Netflix has revealed that generative artificial intelligence was used in roughly 300 of its titles over the past year, a disclosure that offers a rare glimpse of how deeply the technology has already worked its way into mainstream entertainment.

The company shared the figure alongside its latest quarterly results, saying the tools were used above all in post-production, the stage after filming where visual effects, touch-ups and complex shots are created. Netflix framed the technology as a way to do work faster and more cheaply, and to make effects possible on productions that could not otherwise afford them.

The company's case

Executives have pointed to specific examples to illustrate the appeal. Netflix has previously cited a sequence in one of its series in which AI was used to help create a dramatic building collapse, work the company said would have been prohibitively expensive and slow with traditional methods. In that telling, generative AI is a tool that expands what smaller productions can attempt, rather than a replacement for human artistry.

The disclosure came with a set of solid financial results. Netflix reported second-quarter revenue of about $12.6 billion, up roughly 13% on a year earlier, with a healthy operating margin, and reaffirmed its guidance for the full year. Strong profits give the company room to press ahead with its technology investments.

The workers' worries

For many in the industry, though, the news lands very differently. Fear of exactly this kind of automation helped drive the 2023 strikes by Hollywood's writers and actors, the first time in decades that both unions walked out at once.
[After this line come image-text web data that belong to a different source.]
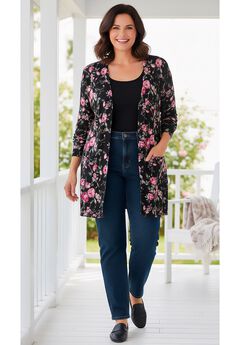 Perfect Longer-Length Cotton Cardigan Sweater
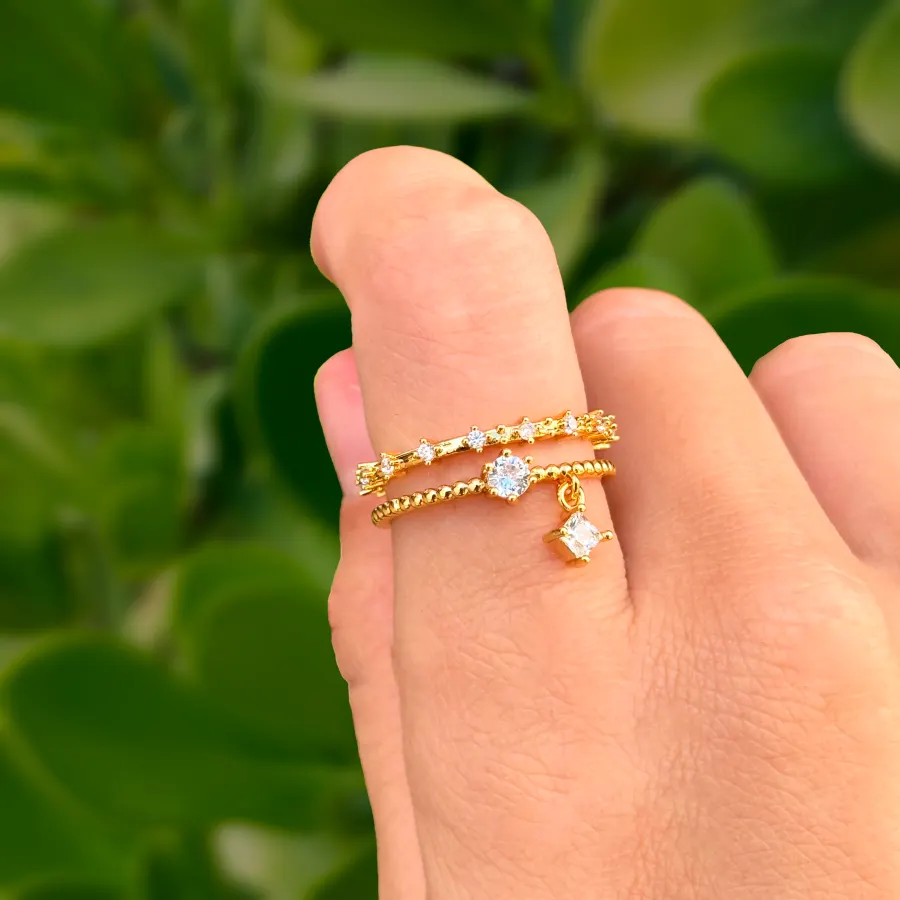 Anillo Dorado Doble Zirconia Colgante Chapa de Oro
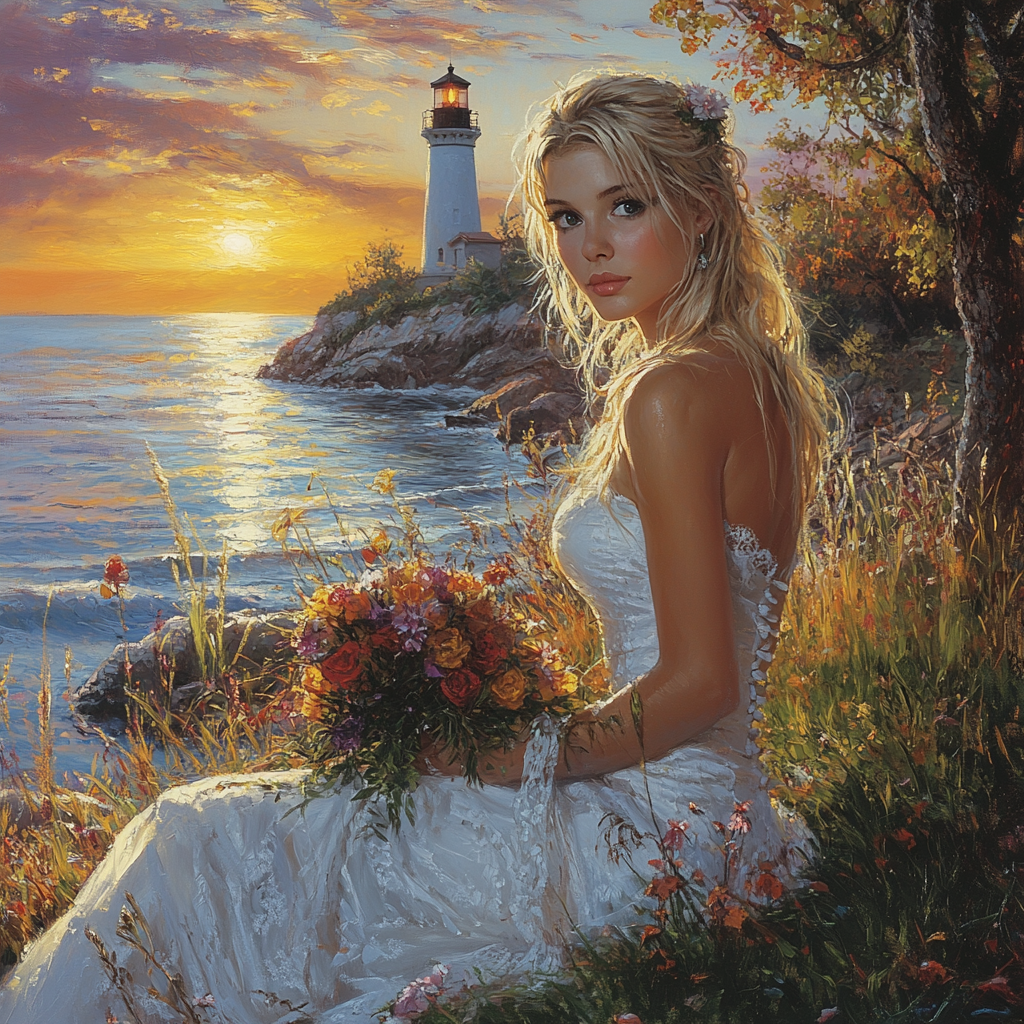 Ethereal Sunset Bride – Fantasy Art Print"
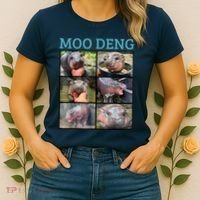 Moo Deng Picture Meme Funny Hippo Women's T-Shirt thumb 2
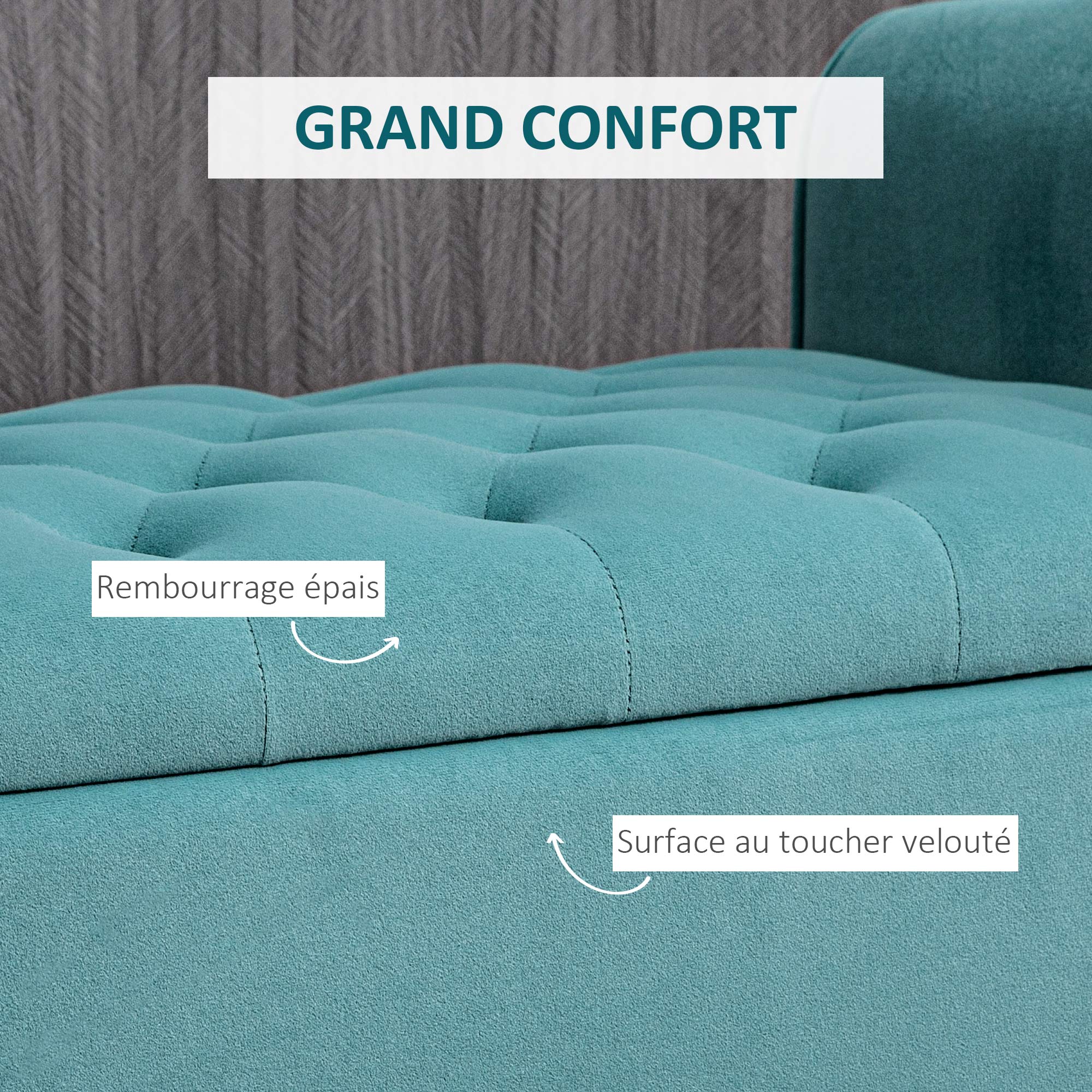 Banc de rangement bout de lit avec accoudoirs, coffre de rangement en tissu velours rembourré et capitonné, charge jusqu'à 220 kg, pour salon, chambre, entrée, 126 x 48,5 x 57 cm, vert - Image 6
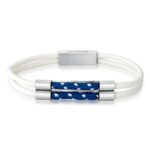 Pulseira dupla fio encerado branco e azul fecho iman aço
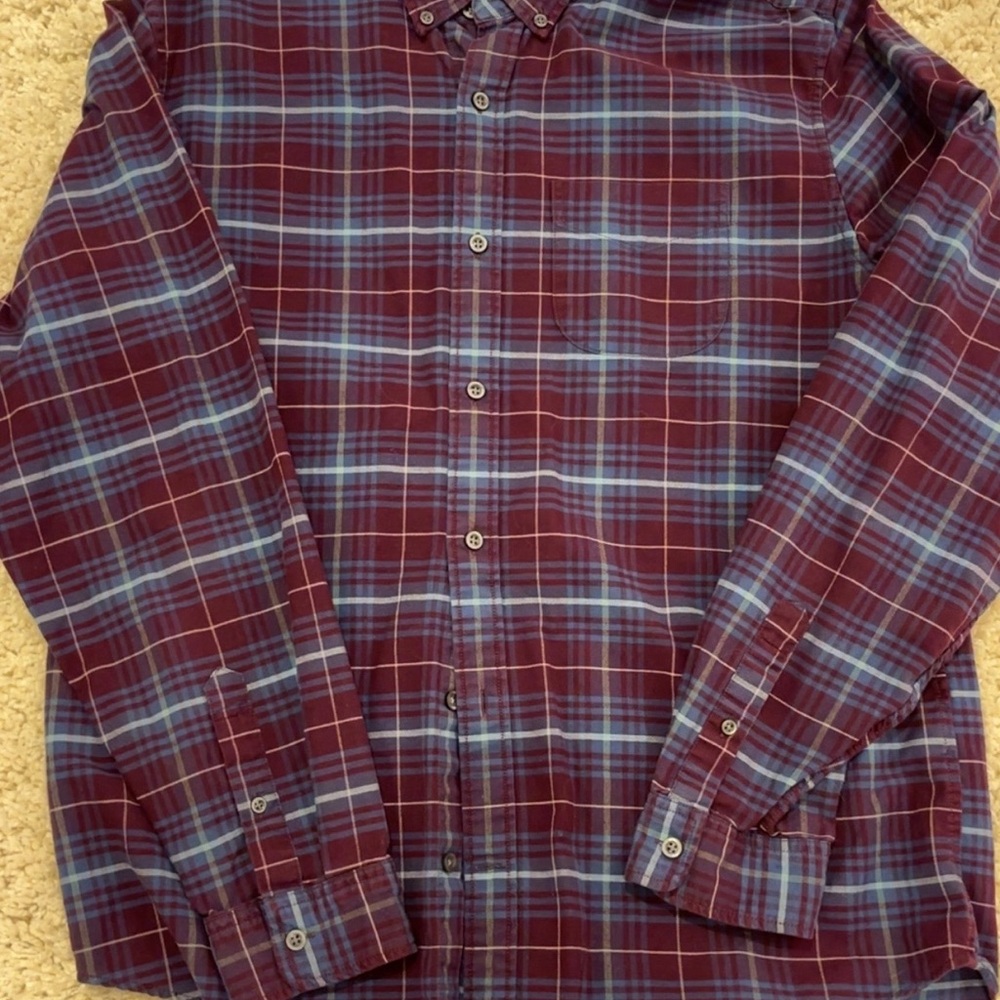 GAP Men's Casual Plaid Shirt - Maroon and Light Blue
At the heart of their concerns was AI: whether it would be used to replace human labour, and whether performers' and writers' work could be fed into AI systems without consent or payment.

Those disputes produced new contract protections, but many workers regard them as incomplete, and the rapid spread of the technology since has kept anxieties high. Visual-effects and post-production staff, whose work is closest to what generative tools now do, feel particularly exposed, as do the many artists in lower-cost hubs outside the United States who handle painstaking effects work.

Critics argue that "efficiency" can be a euphemism for cutting jobs, and that studios stand to capture the savings while the human cost falls on those with the least bargaining power. Supporters counter that new technologies have repeatedly reshaped filmmaking without ending it, and that AI may create work as well as displace it.

An unsettled question

Netflix did not say which titles used the technology, or in what way, and much about the industry's direction remains unclear. What is evident is the scale: a figure of 300 titles in a single year, from one company, signals that generative AI is no longer an experiment at the edges of production but a routine part of how at least some big-budget entertainment now gets made.

How that settles, whether AI becomes a widely accepted tool like the computer effects before it, or a fault line in a fresh round of labour conflict, is likely to be one of the defining questions for the business in the years ahead. For now, Netflix's disclosure has put a striking number on a shift that audiences, watching the finished results, may never notice at all.